Schrier illustrated, with his commentary, A Night of Questions, a Passover Haggadah for the Reconstructionist Press, edited by Rabbi Joy Levitt and Rabbi Michael Strassfeld. Schrier also wrote and illustrated On The Wings Of Eagles, a Sydney Taylor Book Award winner for Millbrook Press, telling the story of the rescue of the Jews of Ethiopia.

==Wings of Witness==
In 1996–97, students at Mahomet-Seymour Junior High in Mahomet, Illinois, collected eleven million tabs as part of a class project to represent the numbers of persons murdered in Nazi Germany during the holocaust. Schrier heard of the school project and utilized the five tons of the aluminum tabs collected by the students to create an art installation. Working under Schrier's direction, volunteers helped fabricate "feathers" from the tabs, which were then laid out in a massive butterfly shape, a reference to a poem written by the young Czechoslovak poet Pavel Friedmann, who was murdered at Auschwitz. More than 50,000 project participants internationally have fashioned the tab collection into the Wings of Witness butterfly, which in 2011 weighed over ten tons.

Since its first installation at Mahomet-Seymour Junior High in 1998, Wings of Witness has been installed in several sites, including the Holocaust Museum Houston and the Katonah Museum of Art.

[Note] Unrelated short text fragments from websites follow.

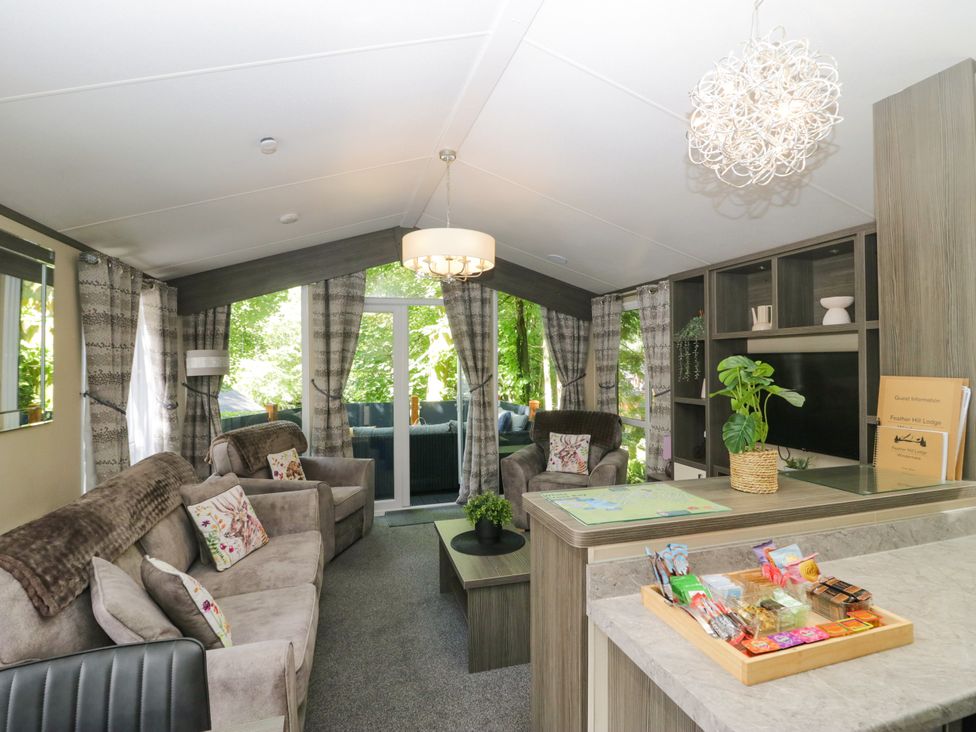 A living room with sofas and a coffee table at Feather Hill Lodge White Cross Bay near Troutbeck Bridge
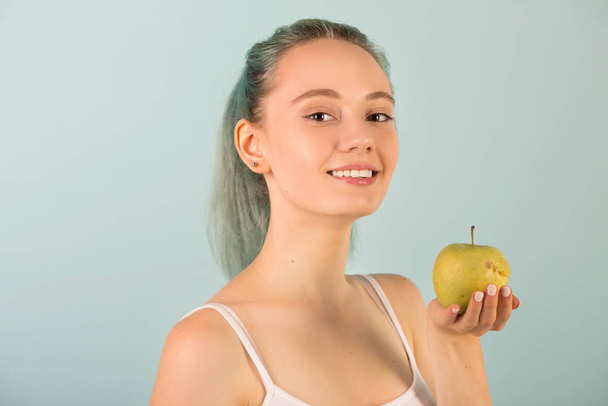 kaunis hoikka nuori nainen urheiluvaatteet omena kädessään
 - Valokuva, kuva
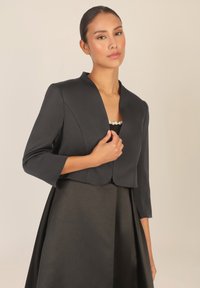 Mustat lyhyet takit, joissa on kolme neljäsosaa hihat, joissa on shaalikaulus ja sileä pinta, yhdistettynä tyylikkääseen, samasta kankaasta valmistettuun hameeseen.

==Recognition and awards==
Schrier's mass community works that address social and environmental issues continue to attract government and private foundation grant awards. Support for such works have come from the New York State Council on the Arts; Fulton County Arts Council, Atlanta, Georgia; Steven Spielberg's Righteous Persons Foundation, the Foundation for Jewish Culture, the Anti-Defamation League, the Brandeis-Bardin Institute, and the Irwin Uran Gift Fund of Loudoun County, Virginia, among others.